«Se fondre» : le drapeau en berne
Dans un avenir rapproché, le Québec s’est noyé dans la grande mer anglo-saxonne qu’est l’Amérique du Nord. Tout ce qui faisait sa spécificité — sa langue, sa culture, son engagement politique — s’est gommé jusqu’à disparaître presque complètement. Les résistants nationalistes ont tous été faits prisonniers et purgent des peines à perpétuité dans des établissements carcéraux où tout ce qu’ils représentent est méprisé et réprimé.
Or, le vent tourne lorsque, du jour au lendemain, les condamnés sont tour à tour retrouvés morts sur la cuvette de la toilette de leur cellule. Ces décès, qui surviennent sous le nez des geôliers, sont liés à un mystérieux — et dégoûtant — ver solitaire qui niche dans les entrailles de Matricule 973 (Jean-François Casabonne).
Lorsque ce dernier, ayant renié toute conviction politique, est libéré de prison, il est rapidement pris en charge par un groupe de militants. Parmi ceux-ci, deux scientifiques (Pascale Bussières et Sébastien Ricard) espèrent se servir du ver pour raviver la mémoire des Canadiens français, et ainsi sauver ce qu’il reste de la nation québécoise.
Simon Lavoie (Ceux qui font les révolutions à moitié n’ont fait que se creuser un tombeau, 2016 ; La petite fille qui aimait trop les allumettes, 2017) ne fait pas dans la dentelle avec Se fondre, un long métrage pamphlétaire qui s’inscrit de manière marquée dans l’héritage d’un Pierre Falardeau ou d’un Michel Brault, avec une audace, un front, un franc-parler qui ne ménage pas ceux qui auraient une opinion divergente. Puissant ? Très. Subtil ? Aucunement.
Si le réalisateur ne s’embarrasse pas de subtilité dans le propos, il se fait beaucoup plus conceptuel dans la forme, qui embrasse ici le chaos et le choc provoqué par la rencontre entre les genres. On alterne donc entre l’horreur, la science-fiction, l’essai, le documentaire et le cinéma muet, dans un mélange qui, s’il ne se veut pas toujours heureux et fluide, met délibérément le public dans une posture de spectateur, le forçant ainsi à se questionner et à se laisser porter par l’approche plus philosophique de l’expérience.

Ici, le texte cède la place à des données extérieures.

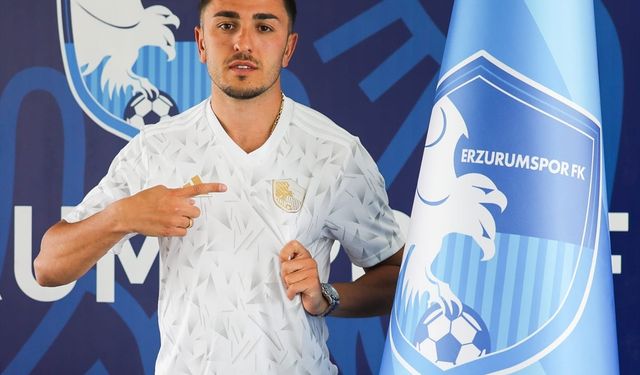 Erzurumspor FK, Guram Giorbelidze ile 2 yıllık sözleşme imzaladı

La mise en scène épouse l’hybridité de la proposition en adoptant tour à tour les codes des différents genres, renforçant l’impression insolite qui se dégage de l’ensemble, et rappelant constamment le potentiel que contient l’artificialité du cinéma. Ainsi, on va de l’austérité de la prison — symbole d’un Québec enfermé dans sa tutelle historique — au plan large et empreint d’amplitude et de liberté du documentaire territorial, en passant par la corporalité et les éléments plus sombres du cinéma d’horreur.
L’interprétation décalée et l’abandon total des acteurs — Jean-François Casabonne en tête — à la vision du réalisateur ajoutent à l’élan poétique de l’oeuvre.
En racontant son récit sur pellicule, avec un ratio d’image 1,66/1 calqué sur les films français de l’après-guerre, Simon Lavoie rappelle le travail artisanal qui sous-tend le cinéma d’auteur. Avec cette approche nostalgique, il effectue un parallèle intéressant entre l’effacement de la mémoire collective du Québec par la mondialisation et l’effondrement de la sensibilité artistique devant l’hégémonie nord-américaine dominée par les plateformes de diffusion en continu.
En choisissant d’appeler un chat un chat et de montrer du doigt tout ce qui, à son avis, pourrait contribuer à court et à long terme à la disparition de la nation québécoise, le cinéaste n’évite pas le piège du didactisme, ni celui du manque de nuances envers les plus jeunes générations, ainsi qu’envers l’ouverture à l’autre. Là où il réussit son pari, c’est plutôt dans les métaphores plus évocatrices qui s’organisent autour du thème de la mémoire et de l’importance d’une culture et de voix uniques qui la portent dans son édification. Ambitieux, original, mais pas toujours achevé.